Il terzo personaggio è Alam, un ragazzo turco sulla trentina. Vive solo con il padre, lavora in un allevamento industriale di galline, alzando i sacchi di concime si strappa sempre la divisa e deve ricucirsela ogni volta, va a pescare con suo padre e cerca di imparare l’inglese ripetendo le frasi che ascolta su una cassetta.

Il quarto personaggio è un uomo sulla sessantina alto e magro, un turkmeno suonatore di  musica tradizionale. Sua moglie lo ha lasciato una trentina di anni fa fuggendo con un pastore su una Mercedes verde. L’uomo posa, di giorno in giorno, con quattro ragazzini che lo seguono dappertutto per un fotografo venuto da Teheran alla ricerca abitanti autoctoni.

La vita a Goran segue il suo corso quotidiano fatto di  tante piccole abitudini, di tedio e di un anelito tanto forte quanto inconfessato ad incontrare una donna ma i protagonisti del film si scontrano con i limiti della loro esistenza a cui non riescono a dare una svolta. Prigionieri della loro sorte come delle inquadrature fisse – una scelta stilistica che accompagna, salvo rare eccezioni, l’insieme dalla pellicola- i nostri quattro anti-eroi cercano, attraverso dei tentativi goffi e patetici, di colmare la loro solitudine.

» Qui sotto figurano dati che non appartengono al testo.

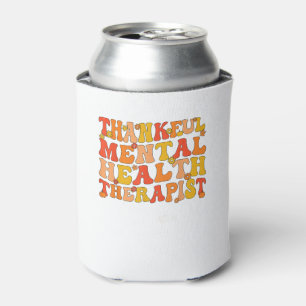 Thankful Mental Health Therapist Thanksgiving Can Cooler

Hassan compone dei numeri di telefono a caso e cerca di intavolare delle conversazioni con delle ragazze sconosciute, lo zio prende cura con affetto, come se si trattasse di un essere in carne ed ossa, del manichino femminile che ha in negozio, il musicista turkmeno si consuma nel ricordo della moglie e spera di vedere affiorare un giorno la mercedes verde, Alam decide di domandare in matrimonio Ana, una ragazza che abita nei dintorni.

Ana sarà l’unica figura femminile a comparire nel film. Assenti nelle immagini della pellicola le donne sono il vero fulcro della vicenda: sognate, desiderate, cercate, attese invano.

Alla fine tutto precipita ed i nostri eroi si ritrovano ancora più soli e delusi di prima: Hassan perde il suo amato asino, il musicista vede  finalmente passare una mercedes verde uguale a quella su cui era fuggita sua moglie ma non riesce a fermarla, Alam viene respinto da Ana.

Babak Jalali ha saputo dare a Frontier Blues un impronta estetica molto personale.

Quasi tutto il film, salvo poche eccezioni, è girato con delle inquadrature fisse, dei piani larghi ed una prospettiva centrale.

Un gusto spiccato per la simmetria caratterizza la composizione delle scene: i personaggi guardano direttamente nell’obiettivo restando immobili per alcuni secondi prima di iniziare a parlare o a muoversi.

Ogni scena è orchestrata come quelle fotografie dei vecchi tempi in cui tutti posavano col vestito da festa, seri e composti davanti all’obiettivo.

La monotonia della vita a Goran si riflette in queste pause, nel ritmo misurato del montaggio, nell’economia dei dialoghi; ne risulta un atmosfera melanconica ma attraversata, dalla prima all’ultima inquadratura, da un humor sottile lievemente amaro  pieno di affetto e di autentica simpatia per la sorte dei protagonisti:

Frontier Blues ha la bellezza di un vecchio album di famiglia; ci commuove, ci fa spesso sorridere, ci trasporta nell’immensità luminosa della steppa, rivelandoci un giovane regista di cui sentiremo, senza dubbio, parlare ancora.